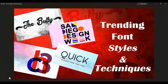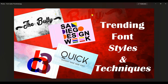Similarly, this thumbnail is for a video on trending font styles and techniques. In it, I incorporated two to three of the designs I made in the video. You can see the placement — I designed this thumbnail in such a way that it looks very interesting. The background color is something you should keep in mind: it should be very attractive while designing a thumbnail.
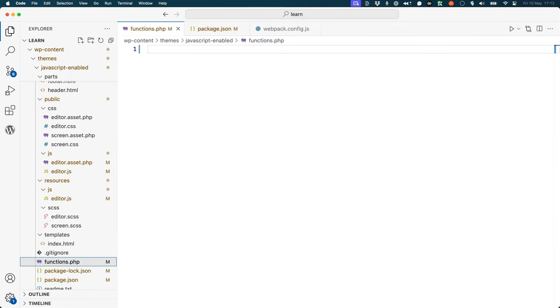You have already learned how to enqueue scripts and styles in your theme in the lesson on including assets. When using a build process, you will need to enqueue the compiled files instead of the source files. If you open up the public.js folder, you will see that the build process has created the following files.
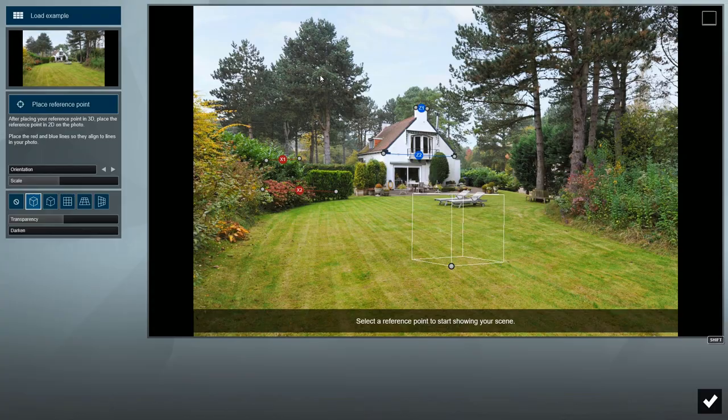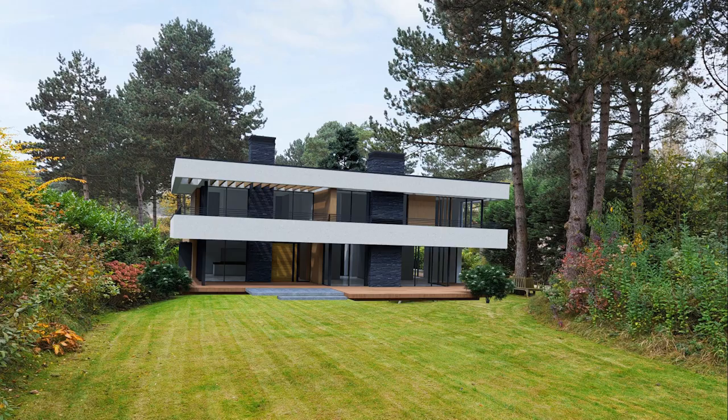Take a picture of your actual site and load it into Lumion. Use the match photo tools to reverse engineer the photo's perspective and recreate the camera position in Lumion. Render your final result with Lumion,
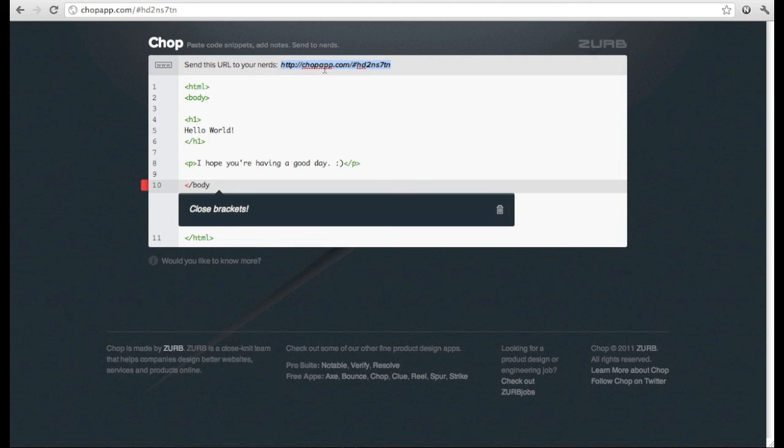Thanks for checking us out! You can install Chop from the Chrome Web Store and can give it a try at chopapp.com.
........
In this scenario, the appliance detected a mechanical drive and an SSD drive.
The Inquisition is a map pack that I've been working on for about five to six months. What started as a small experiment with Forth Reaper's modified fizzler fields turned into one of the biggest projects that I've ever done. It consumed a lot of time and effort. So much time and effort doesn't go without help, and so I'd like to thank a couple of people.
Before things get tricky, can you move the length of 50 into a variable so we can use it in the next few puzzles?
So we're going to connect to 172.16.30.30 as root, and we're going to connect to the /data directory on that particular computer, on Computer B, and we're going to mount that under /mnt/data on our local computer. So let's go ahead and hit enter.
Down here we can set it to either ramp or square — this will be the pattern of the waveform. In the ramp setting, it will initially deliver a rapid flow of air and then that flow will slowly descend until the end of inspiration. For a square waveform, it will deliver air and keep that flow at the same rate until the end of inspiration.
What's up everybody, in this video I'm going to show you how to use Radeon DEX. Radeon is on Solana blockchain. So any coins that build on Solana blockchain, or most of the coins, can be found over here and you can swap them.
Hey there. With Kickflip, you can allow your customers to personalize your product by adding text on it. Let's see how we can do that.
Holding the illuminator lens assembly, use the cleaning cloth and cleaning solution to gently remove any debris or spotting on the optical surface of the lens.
........
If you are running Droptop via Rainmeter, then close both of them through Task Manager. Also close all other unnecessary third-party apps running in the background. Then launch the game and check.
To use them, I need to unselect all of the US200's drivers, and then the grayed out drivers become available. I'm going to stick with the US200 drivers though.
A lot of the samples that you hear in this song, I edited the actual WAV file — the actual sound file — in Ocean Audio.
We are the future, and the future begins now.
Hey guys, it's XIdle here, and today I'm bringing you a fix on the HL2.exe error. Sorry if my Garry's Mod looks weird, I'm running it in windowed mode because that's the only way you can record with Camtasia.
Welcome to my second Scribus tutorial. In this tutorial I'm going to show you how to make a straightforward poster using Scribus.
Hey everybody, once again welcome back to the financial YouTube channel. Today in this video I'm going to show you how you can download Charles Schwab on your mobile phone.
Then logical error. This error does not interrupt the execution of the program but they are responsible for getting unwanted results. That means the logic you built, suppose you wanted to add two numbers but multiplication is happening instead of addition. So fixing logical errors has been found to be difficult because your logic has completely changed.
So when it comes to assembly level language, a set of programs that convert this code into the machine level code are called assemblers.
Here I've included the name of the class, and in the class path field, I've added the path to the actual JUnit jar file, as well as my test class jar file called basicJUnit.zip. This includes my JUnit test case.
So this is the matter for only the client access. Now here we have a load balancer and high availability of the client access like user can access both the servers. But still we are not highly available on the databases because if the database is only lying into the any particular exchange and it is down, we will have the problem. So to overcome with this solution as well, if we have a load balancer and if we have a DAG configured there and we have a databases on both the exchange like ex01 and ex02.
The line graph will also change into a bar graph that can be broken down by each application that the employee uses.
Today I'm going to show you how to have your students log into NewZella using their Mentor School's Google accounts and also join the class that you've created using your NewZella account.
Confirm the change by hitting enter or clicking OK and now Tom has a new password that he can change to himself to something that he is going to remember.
........
## Exercise objective
Your reply is to repeat, unchanged, the lines above running from the one with "The Inquisition is" up to and including the one with "Down here we".

## Task answer
The Inquisition is a map pack that I've been working on for about five to six months. What started as a small experiment with Forth Reaper's modified fizzler fields turned into one of the biggest projects that I've ever done. It consumed a lot of time and effort. So much time and effort doesn't go without help, and so I'd like to thank a couple of people.
Before things get tricky, can you move the length of 50 into a variable so we can use it in the next few puzzles?
So we're going to connect to 172.16.30.30 as root, and we're going to connect to the /data directory on that particular computer, on Computer B, and we're going to mount that under /mnt/data on our local computer. So let's go ahead and hit enter.
Down here we can set it to either ramp or square — this will be the pattern of the waveform. In the ramp setting, it will initially deliver a rapid flow of air and then that flow will slowly descend until the end of inspiration. For a square waveform, it will deliver air and keep that flow at the same rate until the end of inspiration.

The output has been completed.